Google hacking, also named Google dorking, is a hacker technique that uses Google Search and other Google applications to find security holes in the configuration and computer code that websites are using.

== Basics ==
Google hacking involves using operators in the Google search engine to locate specific sections of text on websites that are evidence of vulnerabilities, for example specific versions of vulnerable Web applications. A search query with intitle:admbook intitle:Fversion filetype:php would locate PHP web pages with the strings "admbook" and "Fversion" in their titles, indicating that the PHP based guestbook Admbook is used, an application with a known code injection vulnerability. It is normal for default installations of applications to include their running version in every page they serve, for example, "Powered by XOOPS 2.2.3 Final", which can be used to search for websites running vulnerable versions.

Devices connected to the Internet can be found. A search string such as inurl:"Mode=" will find public web cameras.

==History==

The concept of "Google hacking" dates back to August 2002, when Chris Sullo included the "nikto_google.plugin" in the 1.20 release of the Nikto vulnerability scanner. In December 2002 Johnny Long began to collect Google search queries that uncovered vulnerable systems and/or sensitive information disclosures – labelling them googleDorks.

The list of Google Dorks grew into a large dictionary of queries, which were eventually organized into the original Google Hacking Database (GHDB) in 2004.

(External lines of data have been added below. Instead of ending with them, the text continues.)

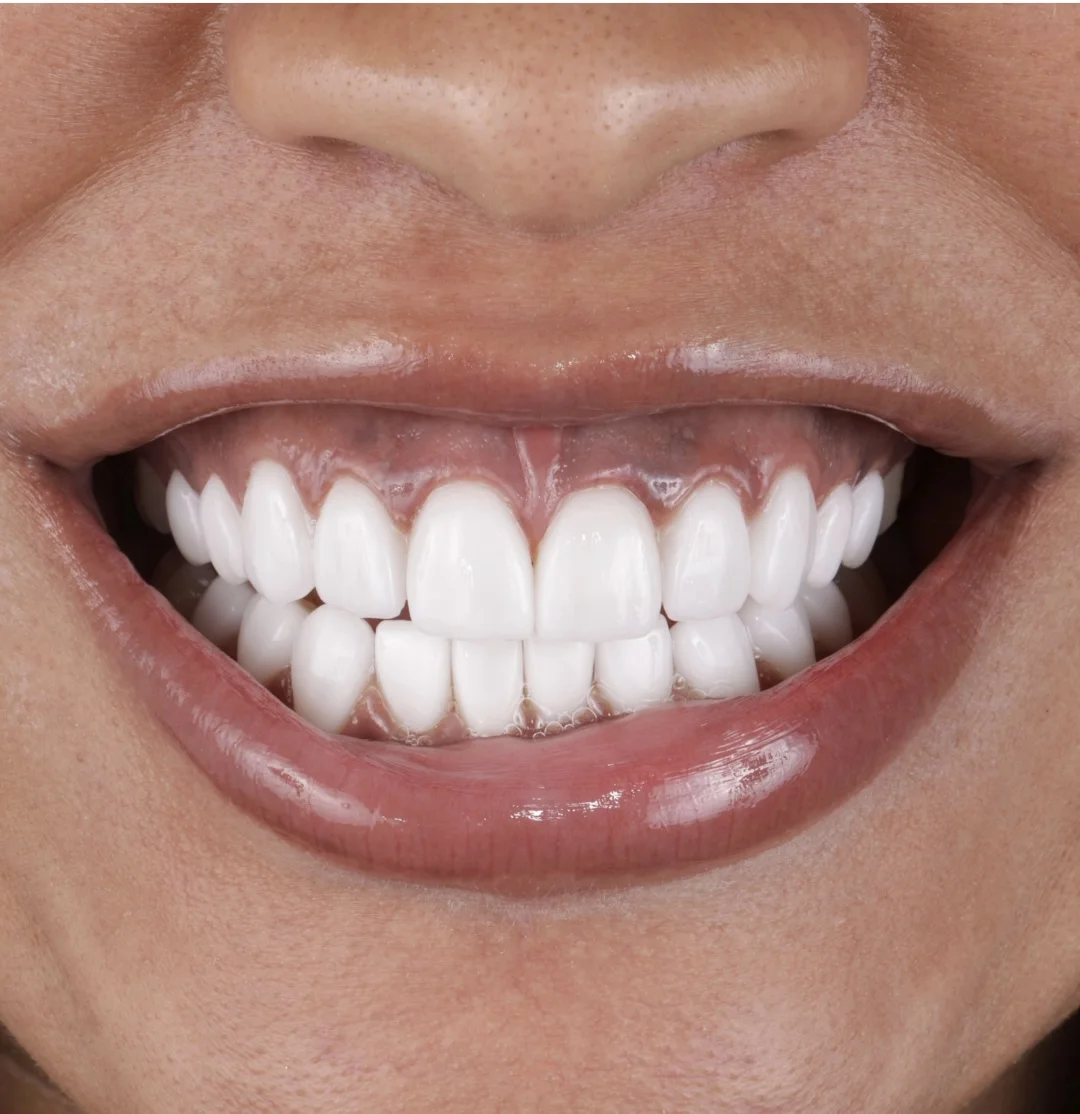 PIGMENTED TEETH TO PORCELAIN VENEERS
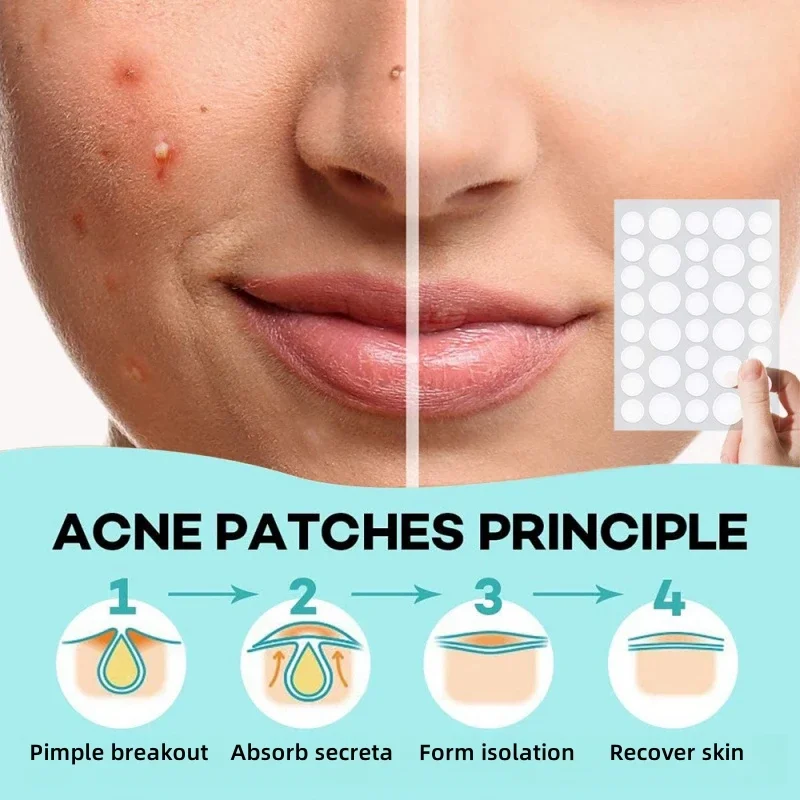 Invisible Acne Patches Removal Pimple Anti-Acne Hydrocolloid Patches Spots Marks Concealer Repair Sticker Waterproof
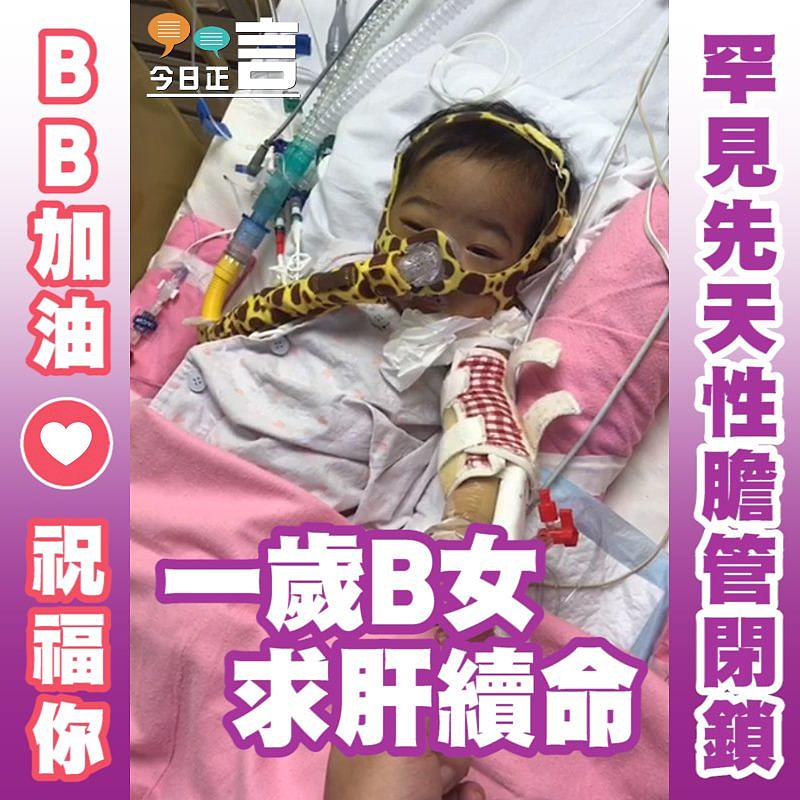 罕見先天性膽管閉鎖 一歲B女一歲B女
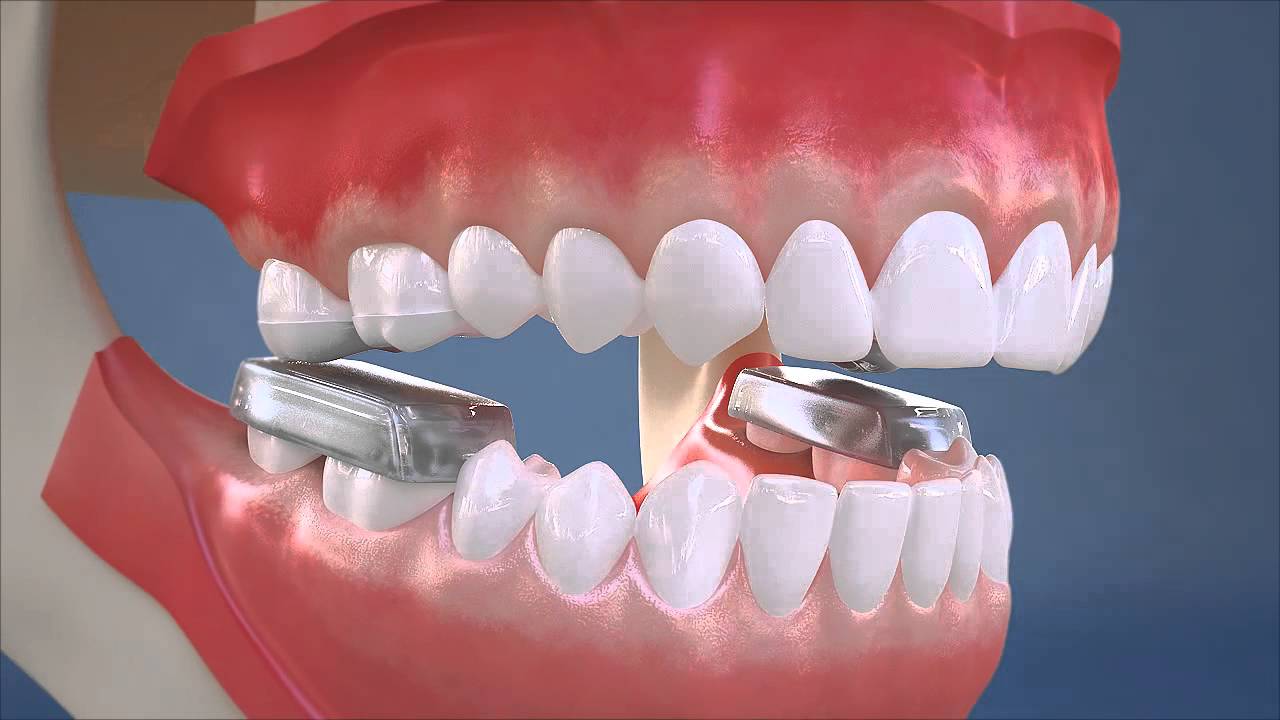 Post bite block for preparations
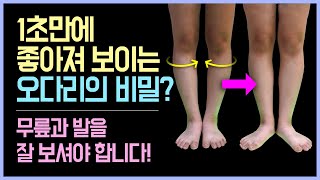 1초 만에 좋아져 보이는 오다리의 비밀?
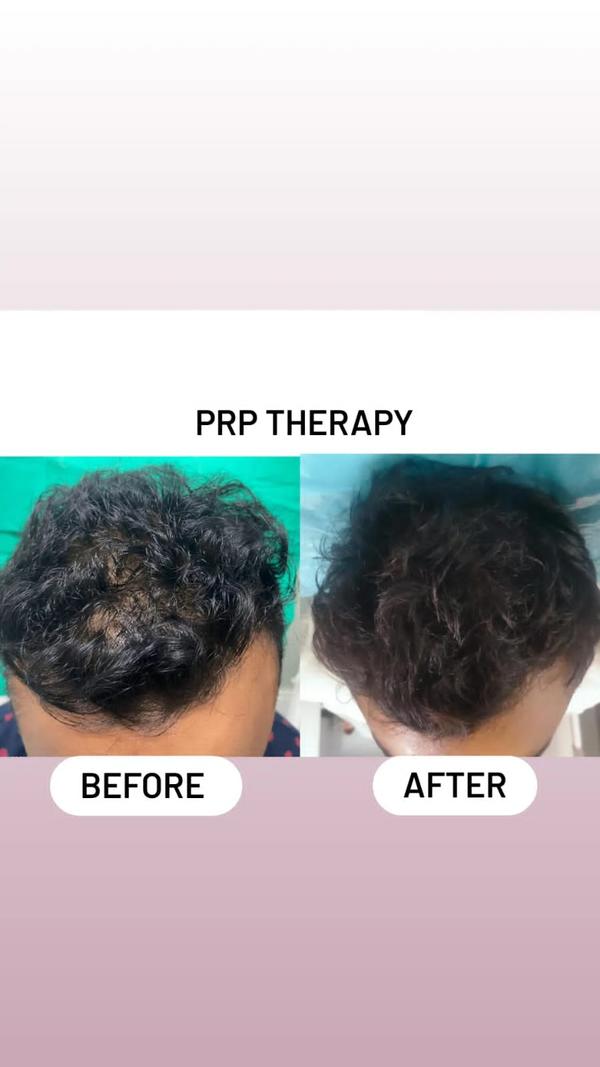 Reclaiming Confidence with the Best Hair Transp... main image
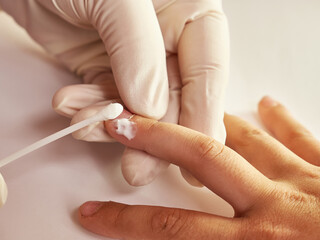 Burrs on the boy's finger are treated with ointment.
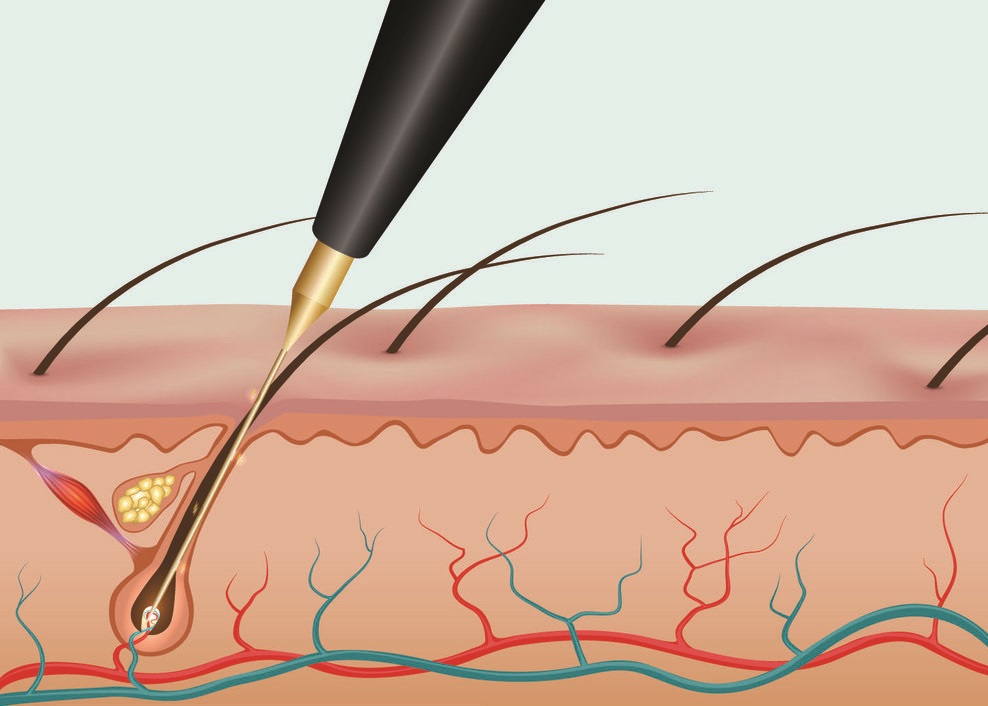 روش الکترولیز - الکترولیز موهای زائد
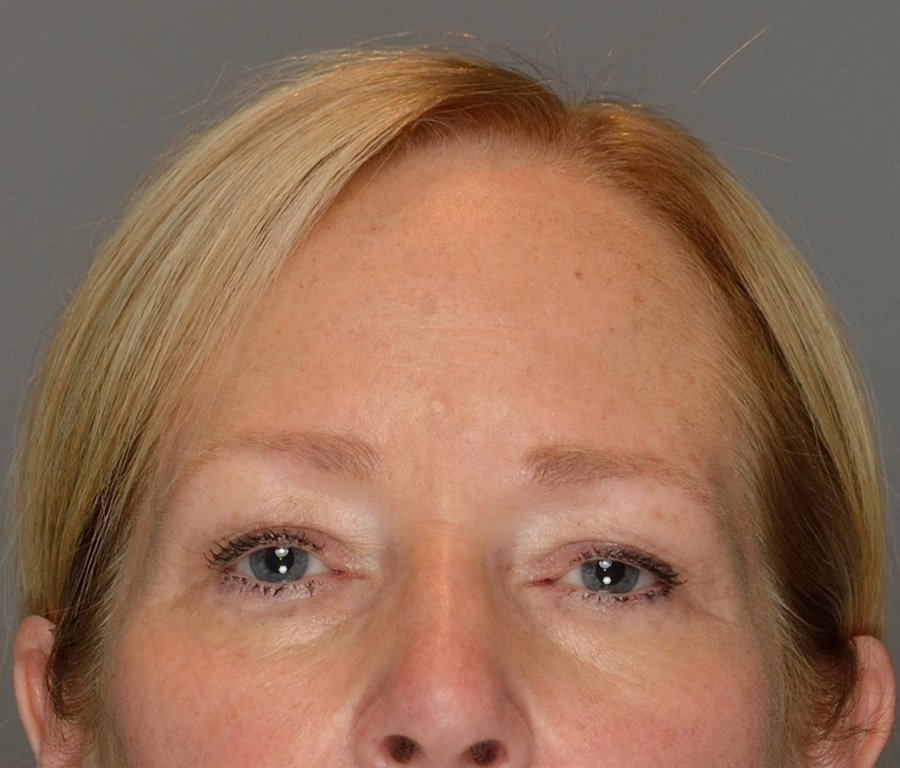 Case--2869 | Before Surgical Face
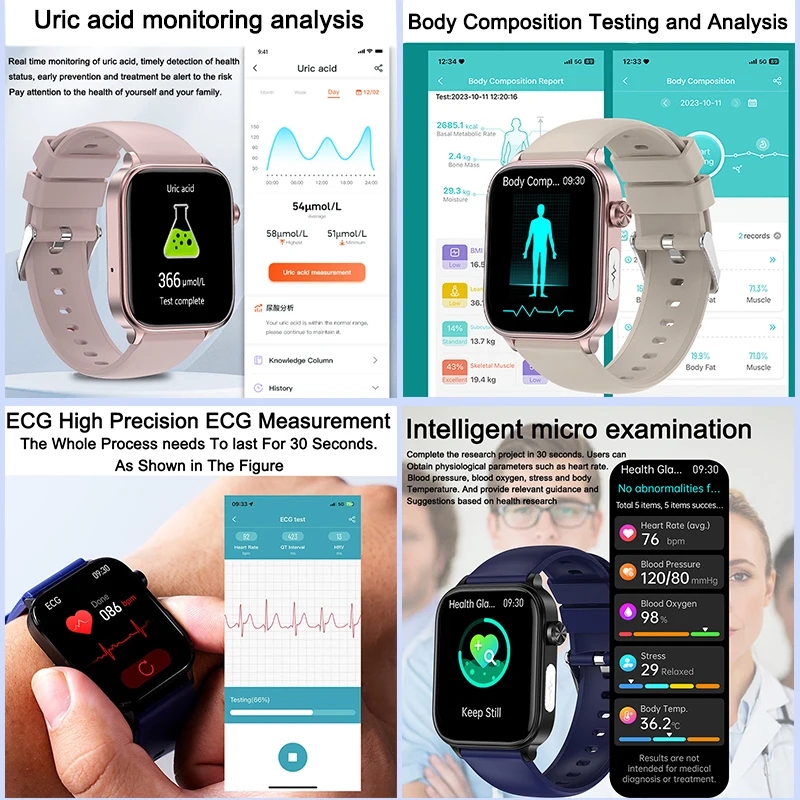 2025 New For XIAOM1 ECG+PPG Bl - Smartwatch Health Watches For Women avis et prix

Concepts explored in Google hacking have been extended to other search engines, such as Bing and Shodan. Automated attack tools use custom search dictionaries to find vulnerable systems and sensitive information disclosures in public systems that have been indexed by search engines.

==Protection==
Robots.txt is a well known file for search engine optimization and protection against Google dorking. It involves the use of robots.txt to disallow everything or specific endpoints (hackers can still search robots.txt for endpoints) which prevents Google bots from crawling sensitive endpoints such as admin panels.